Unlike earned digital media, which is reinventing political campaigns, presidential candidates tend to view digital video as support for their flashy TV advertising.
“The hope for digital, in my opinion,” said John Randall, VP of digital at the right-leaning agency CRAFT, “is that by 2020 we don’t even see a difference between TV and online or mobile video ads. But digital does need that wall to break down to elevate within political campaigns.”
With the heavy-spending primary season just now underway, Politico reports upward of $170 million has been spent by candidates and super PACs on television or radio (almost all of it on TV).
Politico estimates that roughly $10 million has been spent on digital ads by super PACs. The actual candidate campaigns add to that number – Hillary Clinton, the highest-spending candidate, allocated $12 million for direct marketing and online media buys, per Federal Election Commission filings last year. But that’s hardly enough to dent TV’s advantage.

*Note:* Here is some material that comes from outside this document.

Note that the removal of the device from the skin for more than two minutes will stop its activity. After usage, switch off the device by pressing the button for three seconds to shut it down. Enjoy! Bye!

One reason TV spend remains a giant is that political campaigns still produce and strategize around content for a television age, not for fractured digital channels that require customization.

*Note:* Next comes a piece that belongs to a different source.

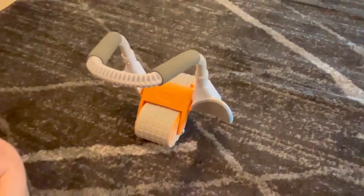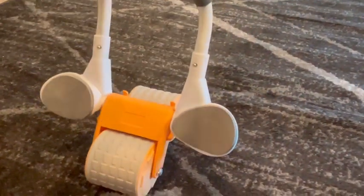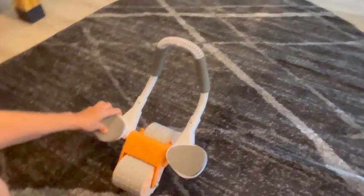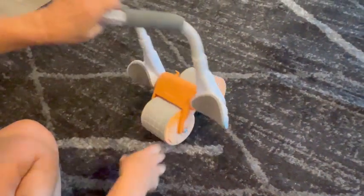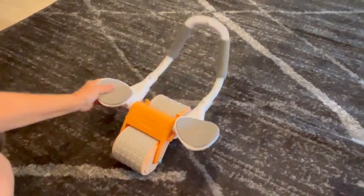We picked up this ab roller in anticipation of trying to get healthy this year. This one is unique in that it has a spring in it, so as you do your ab exercises it offers resistance and then kind of slingshots you back. We're gonna show how it works real quick.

“Campaigns have only recently moved away from just bringing their 30-second campaign spot to digital,” said Michael Palmer, president of the conservative data firm i360.
The Bernie Sanders campaign, for instance, is starting to experiment more. Andrew Drechsler, president of the analytics vendor HaystaqDNA, which Sanders uses, said the Sanders campaign has had success following up a big TV buy with digital videos that have slightly readjusted messaging.
This type of optimization identifies segments of potential Sanders voters, hitting them with ads that mimic the larger TV campaign but are targeted to a specific issue group or demographic.
But even as the digital advantage of personalized outreach and targeting becomes a reality for political campaigns, it’s still thought of (and budgeted) as a value add for money left over from the TV buy.
“We’re only at the beginning of being able to incorporate dynamic segmenting and serving,” said Kurt Luidhart, co-founder of the Republican digital agency Prosper Group, which does media buying and analytics for the largest super PAC supporting Gov. Chris Christie’s presidential campaign.
Speed up
Because TV is about reach and digital isn’t, it must clear a different bar: speed. Before political campaigns commit more to digital channels, they need to see faster results.
Matching custom audience segments to television via an addressable set-top box offer like D2, the recent partnership between DirecTV and Dish Network, can take a week or more, according to Drechsler.
He said this pace means it’s “hard to respond to political needs.”
Matthew Dybwad, TubeMogul’s head of politics and public affairs, said candidates and PACs are pushing ad tech vendors to up the pace to meet political timelines.
“For a typical (brand) campaign, there could easily be a seven-day window before you start to take an analytical look at campaign results,” said Dybwad. For a political campaign, news may flare up that makes targeting in a certain region or issue group particularly impactful, but then you’re left optimizing into a tomorrow where that relevancy is gone.
Spending on addressable TV ads, whether via OTT services or data marketplaces like Rentrak and D2, will rival addressable digital ads for political groups. Last October, it took up to four weeks for a campaign to execute an addressable TV buy. Now it takes a little over a week.
Borrell Associates predicted political spenders would pump a little more than $1 billion into digital advertising this election. Digital seems off pace to hit that mark, though experts from ad tech vendors and campaign teams all expect budgets, video especially, to come like a flash flood once persuasion becomes a campaign priority (as opposed to fundraising and email list-building).
It’s important to remember that political campaign budgeting goes beyond just TV and digital. HaystaqDNA also models data across phone banks, grassroots networks, direct mail, polling and other offline channels. Drechsler’s day-to-day work doesn’t involve thinking heavily about applying insights to digital video; he’s worried whether campaign volunteers and employees have been optimally deployed.
It’s easy to forget things like neighborhood signage and telemarketing get as much or more of the campaign budget as all of digital combined. Whether that fact remains a source of frustration or becomes a source of spending for the digital world, we may have to wait until 2020 to find out.